# 10 day forecast for Cancun - SHOWERS EVERYDAY!



## carpediem

The last time we went to Cancun - April 2004 - we had picture perfect weather.  I just looked at the 10 day forecast as we will be traveling in the next week and found that they are expecting 10 days of showers.  

Is Cancun like Florida during the summer months where there is a brief shower everyday for a short time?  Or is this going to be a really wet vacation?

I wanted to pack appropriately, whatever that means.

Thanks.


----------



## BSQ

I wouldn't stress too much over the forecast.  I usually take an average out of three different weather sites to get a remote idea of what it might be like for my trips to Cancun.  Actually I only use them to track tropical activity.  

In general, the rain will be a short burst that doesn't last very long.  It can be a torrential down pour, but it seems to move out quickly.  We usually just park ourselves un a palapa and wait it out.

Even when it's raining it's still warm out ... long as there isn't any lightening we've been known to sit at the pool bar, since we're already wet. 

In generael I find weather.com to be the least accurate and accuweather or wunderground to be closer to reality.


----------



## Blondie

It will NOT be that bad. The one time we took out kids to Aruba I checked the forecast every day before we went and I shouldn't have. It upset me so much as it had clouds and showers every day and it was mostly inaccurate.  We had great weather and I am sure you will too!


----------



## carpediem

Thanks BSQ and Blondie,

I usually check weather.com which is lousy.  I don't mind the rain but if you live anywhere near the Maryland/DC/Virginia area we have had lots of flooding and rain and I do so want to dry off on vacation.

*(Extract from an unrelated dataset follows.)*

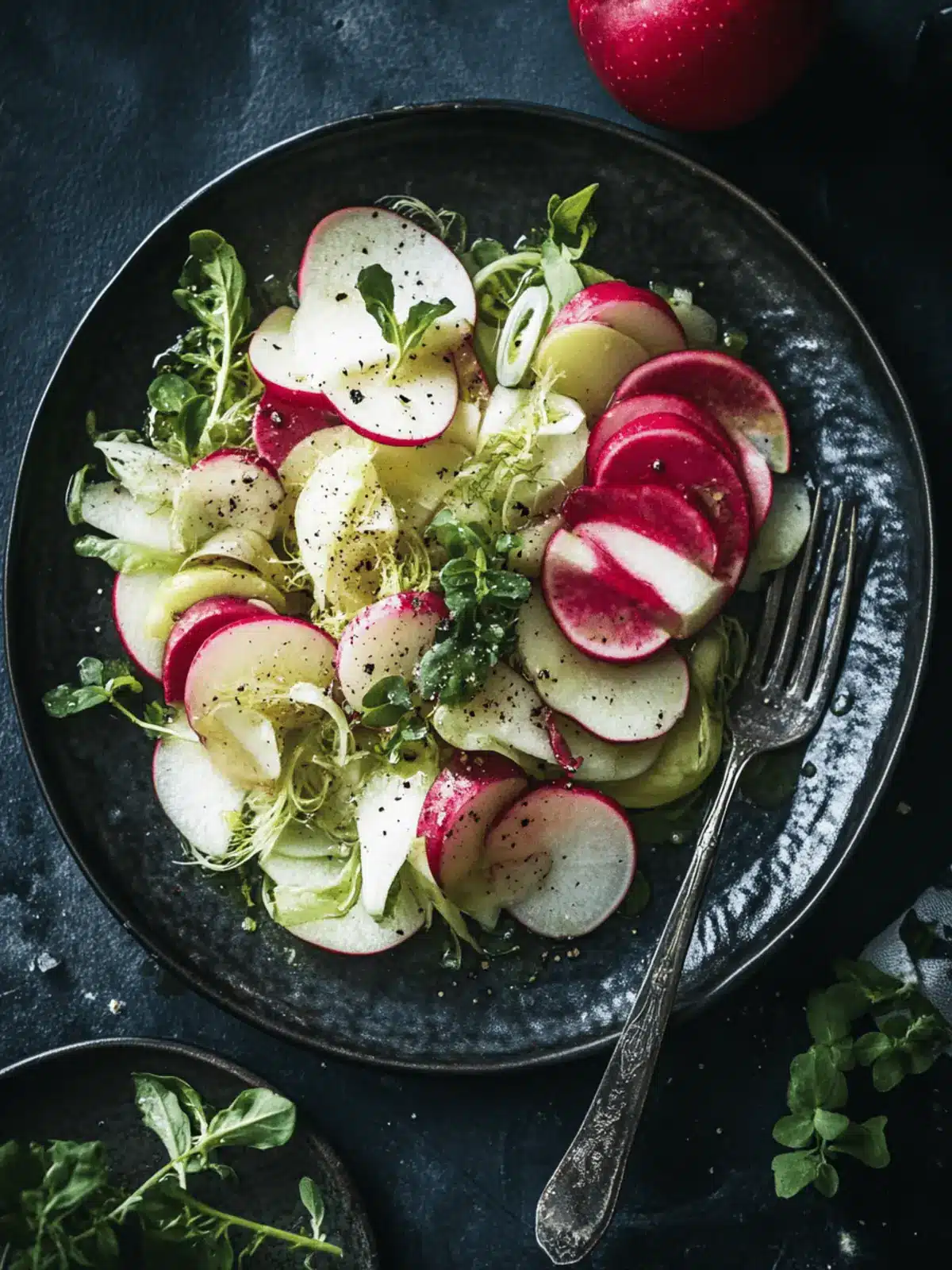 Fennel Salad With Apples & Radishes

We were planning our first trip to Chichen Itza and really didn't want to have to deal with a major downpour.  Glad to hear that they can be relatively quick bursts.  They are actually a welcome relief at times.

Thanks again.


----------



## LisaH

We just got back last Sat. Before I left for Cancun, I was checking weather on-line everyday for two weeks and it always showed shower/thunderstorm everyday during the time we would be there. It turned out that we didn't have a single day of rain, sunny everyday!


----------



## M&M

I like this forecast better.
http://wwwa.accuweather.com/world-forecast-page2.asp?partner=accuweather&myadc=0&traveler=0&zipcode=NAM|MX|MX023|CANCUN|&fday=6&metric=0

I'm looking forward to sunny weather 

Mike


----------



## daventrina

The outlook from http://accuweather.com looks better. And if you look at the hourly report, there is little rain.
When we compare accuweather with weather channel accuweather generally does a better job. Most of the time when there is a conflict, accuweather is more accurate.


----------



## Judy999

I would not worry.  Last week in Cancun, we did not have one single drop of rain.

The forecast said shower daily...Enjoy your visit.  


Judy


----------



## cymomtx

We were there June 17 - July 1 and the prediction was 60% chance of rain every day and we did not see any of it!


----------



## Joe L

Two years ago they predicted rain every day during our visit. We has some passing tropical showers for about 10 minutes on two days.  I remember one particular day the front desk at the Carib had a five day forecast card showing rain all day for that day.  There wasn't a cloud in the sky.


----------